An interview with E-Mart Hypermarket Chairman of the Board, Skytel Group Chairman, First Vice President of the Mongolian National Olympic Committee, Chef de Mission (Team Captain) for Tokyo 2020 B. Battushig. He’s a member of the International Olympic Committee Marketing Commission and Badminton World Federation Council.
You’re recognized as a Harvard Business School alumni and as chairman of a large business group but you’re also recognized as an individual that loves sports. How did sports shape who you are today?
I grew up playing basketball. I used to watch NBA games with my grandmother back in the early 1990’s. At that time, our society wasn’t as exposed to western culture but everyone recognized Michael Jordan’s name. Michael Jordan is an athlete that not only played a major role in my love for basketball but probably for the world basketball community. In 1993, I started collecting basketball cards and dreamt about playing for the NBA. There’s no limit in sports. Sports has many advantages as it teaches you how to win, lose and respect others through sportsmanship and humility. Even if you lose, you still shake hands with the opposing team players and congratulate them on their win and I think that’s where the wonders of sports exist. My family greatly influenced my love for sports. My father was the president of the Mongolian Wrestling Federation for almost 10 years as well as the Asian Games chef de mission for Doha 2006.
I used to play basketball with my friends when I lived with my grandparents in Ulaanbaatar. One of my close friends that I grew up playing basketball within my neighborhood is Sumo Great Champion Yokozuna Hakuho M.Davaajargal. He used to live in the building next to mine. We would play basketball every day. There were even times where the older kids would play on the basketball court and we would wrestle while we waited for them to finish playing (laughs). I left for the United States when I was eleven years old. As I didn’t speak English that well then, playing sports was a way for me to make friends. In high school, I was the basketball team captain in grade 11 and grade 12. I was also selected as one of Seattle’s top ten high school players in my school division. I think becoming the team captain helped my ability to work with others and my organization skills. I still play basketball two to three times a week now.
Was your decision to attend the University of Chicago affected by your love for basketball and Michael Jordan?

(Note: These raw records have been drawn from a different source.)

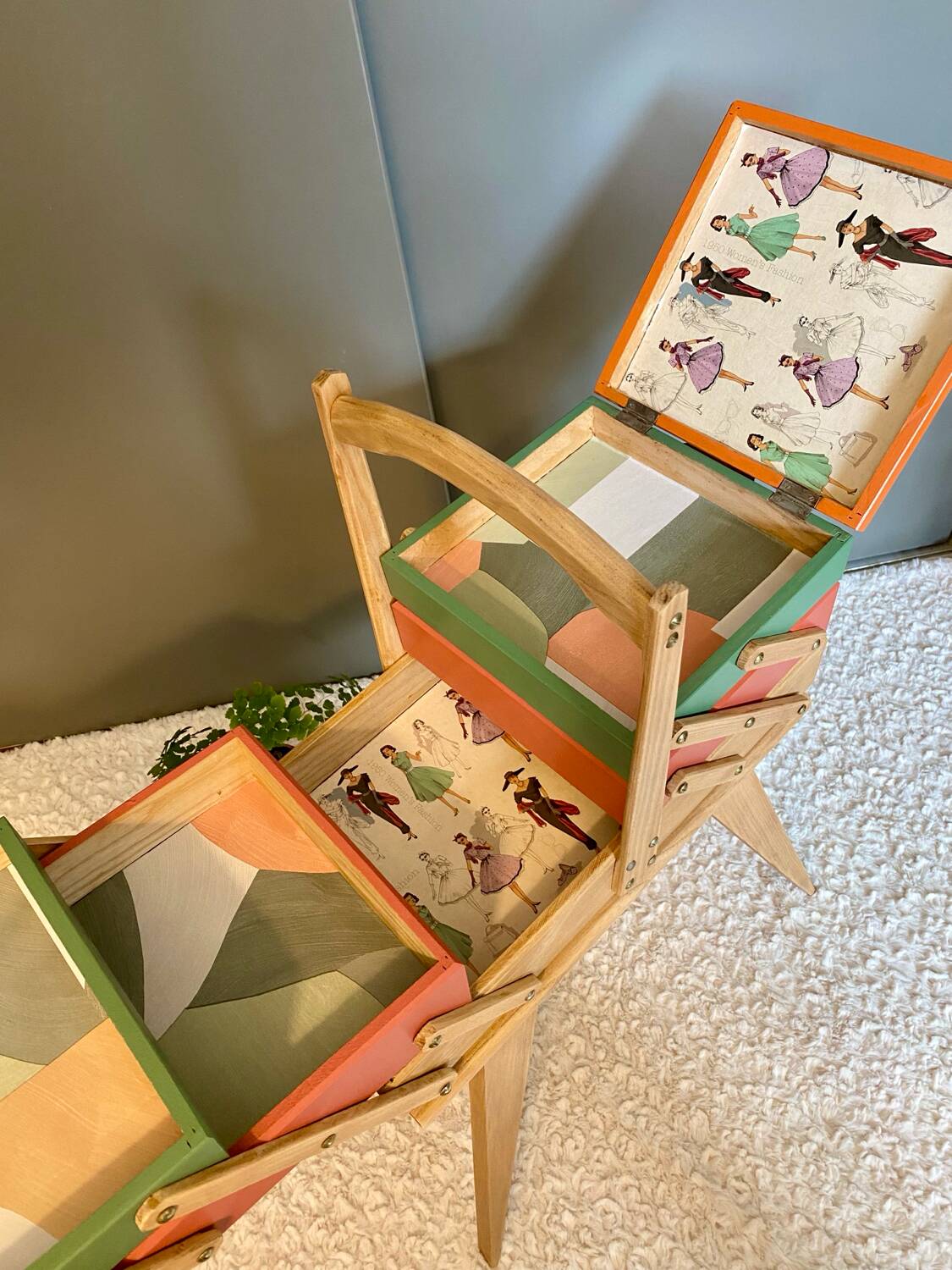 Vintage worker, sewing box with compass feet, 70s Scandinavian style.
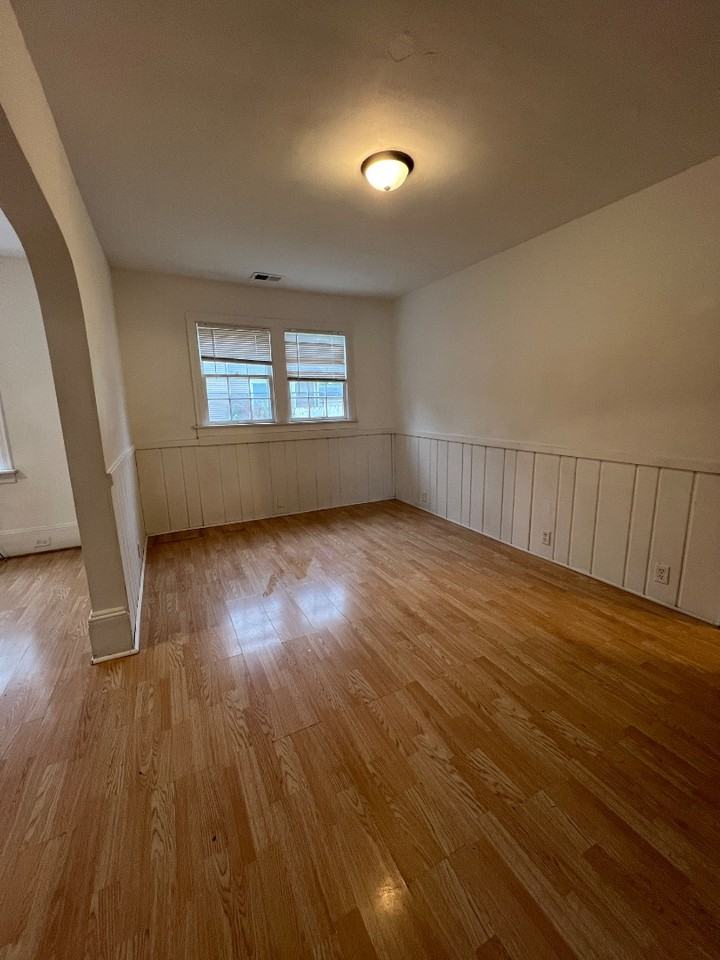1537 Bay St - Photo 7 of 20
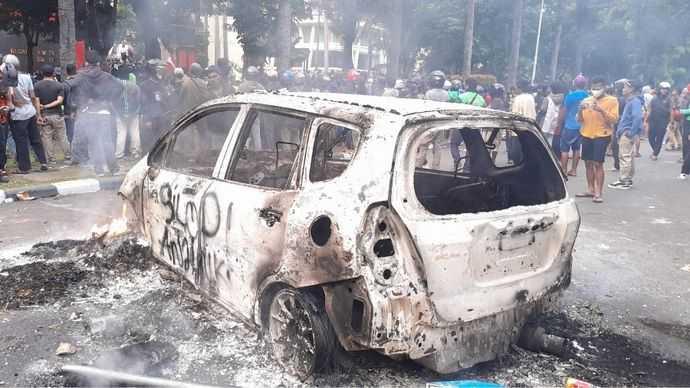  Kericuhan di Kwitang: Massa Bakar Mobil dan Motor di Depan Mako Brimob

Yes, Michael Jordan and Chicago Bulls definitely had an impact. However, it was more for academic reasons that I chose the University of Chicago. Ninety-eight affiliated people from the University of Chicago have received the Nobel Prize. My decision was based on the fact that it’s one of the best schools in economics. Milton Friedman, called “one of the most influential economists of the second half of the 20th century” played a major role in the Chicago School of Economics. He brought out some of the theories and models on the advantages of the current free market we live in, Laissez-faire economic theory and free trade policy.
Laissez faire economic system, in brief, is where transactions between private parties are free from any form of government intervention leading to a more efficient economy and growth. On top of this, Milton Friedman received the Nobel Prize from his many successful theories such as on monetary policy. When I was a student at the University of Chicago, my professors spoke greatly of Milton Friedman and were very proud of him.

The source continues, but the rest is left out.